Aquí tomando el último café y esparciendo las prendas de mi amor (de uno de mis amores) sobre la mesa, a ver si se me ocurre algo después de leer que Serrat inicia su última gira, tal vez lo más serio que he leído hoy en las noticias. Me niego a seguir intentando razonar (menos argumentar y debatir) sobre locuras como que se ponen en riesgo los presupuestos porque una banda de orates pretende que NETFLIX (una empresa privada y foránea, cuyos directivos seguramente ni saben dónde está España) doble al catalán el 6% de su producción, mientras otra parte de la peña aporta a nuestro bienestar la cuestión de si juzgamos ya al general Mola. O mejor todavía a Franco, que no hago otra cosa que pensar en ti. Y no se me ocurre nada bueno. Podían pedir que Apple quite la ñ de los teclados del principado, ya puestos, y que se deroguen el Fuero Juzgo y las Partidas, que ya es hora. Declarar un abuso, pedir perdón a los Omeyas y revertir la Toma de Granada, o desdescubrir América, por ahora no se le ha ocurrido a casi nadie.

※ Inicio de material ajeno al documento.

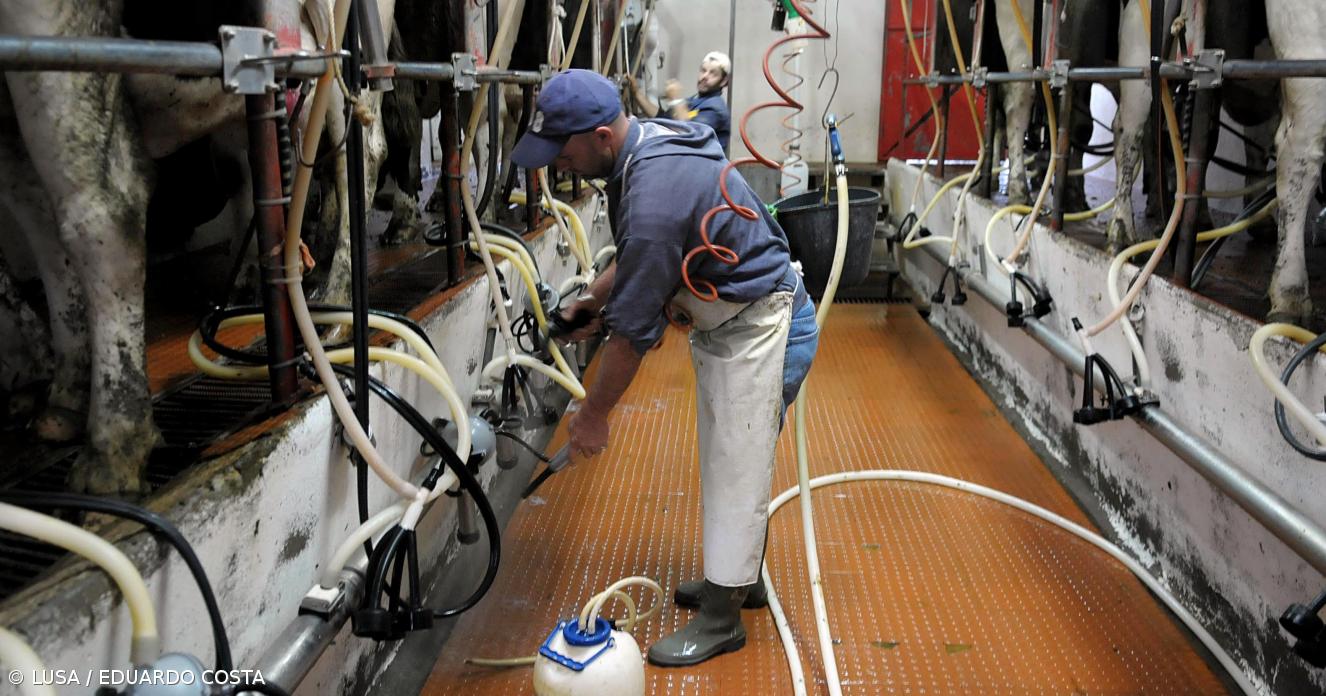 Produtores da ilha Terceira concertam medidas de resposta à descida do preço do leite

Cuando lean estos alucinamientos por ahí fuera, si es que ya queda en esos mundos algún desocupado que nos preste atención, se harán cruces, se pellizcarán para creerlo. ¡Qué país más maravilloso en el que hay quien entiende que esos y otros desvaríos por el estilo están entre sus principales problemas! Somos un país de interés turístico. Creemos que vienen a las playas, a los museos y a comer y beber, que también, pero principalmente acuden a hacernos fotos, a ver con asombro qué clase de personas habitan un país así. Perplejos de que aun con políticos tan inútiles como belicosos y sectarios siga existiendo, de que alumbren las farolas, salga agua de los grifos, se coma y se beba tan bien y se paguen las nóminas.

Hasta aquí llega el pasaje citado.